Required action:
Repeat all entries word for word; skip images.

*** Record set ***

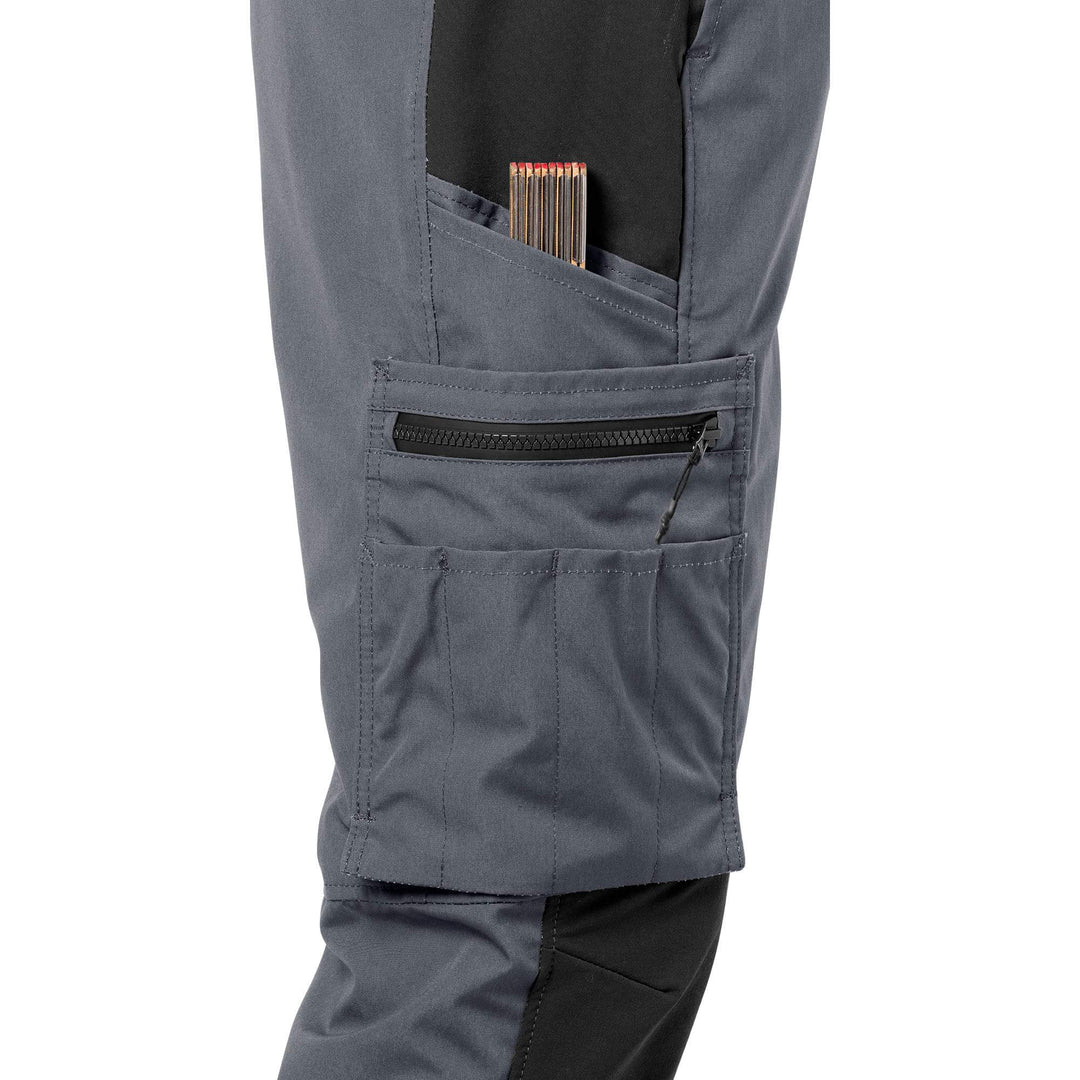 Fristads Service Lightweight Stretch Trousers - 2700 PLW Grey/Black Detail1#colour_grey-black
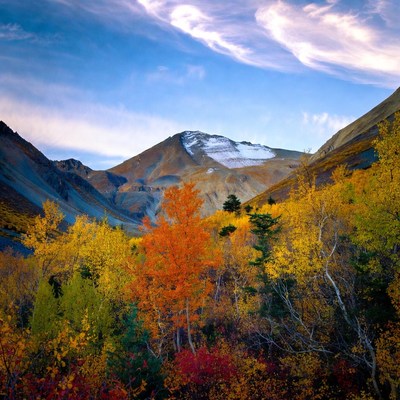 Autumn Mountains with Snow-Capped Peak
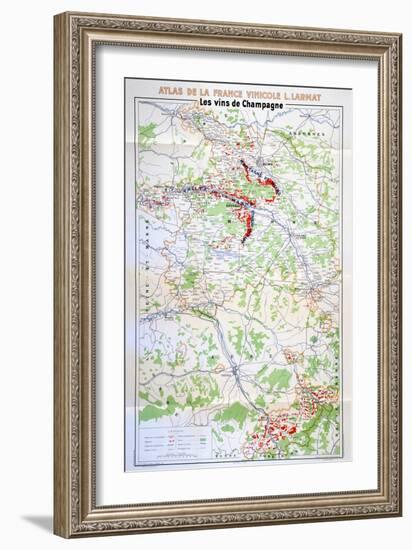 Map of the Champagne Region-null-Framed Giclee Print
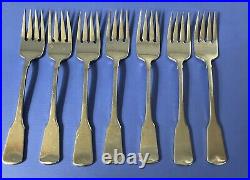 Lot of 35 American Colonial Cube by Oneida Satin Stainless Fork Knives Spoons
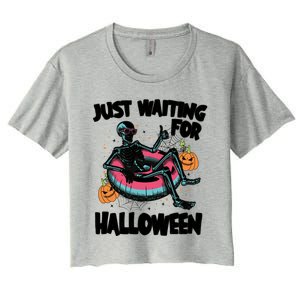 ILl Just Wait Quiet Halloween Teacher Skeleton Meme Tie Dye Gift Women's Crop Top Tee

*** End of Record set ***

Response for this exercise:
 Fristads Service Lightweight Stretch Trousers - 2700 PLW Grey/Black Detail1#colour_grey-black
 Autumn Mountains with Snow-Capped Peak
 Map of the Champagne Region-null-Framed Giclee Print
 Lot of 35 American Colonial Cube by Oneida Satin Stainless Fork Knives Spoons
 ILl Just Wait Quiet Halloween Teacher Skeleton Meme Tie Dye Gift Women's Crop Top Tee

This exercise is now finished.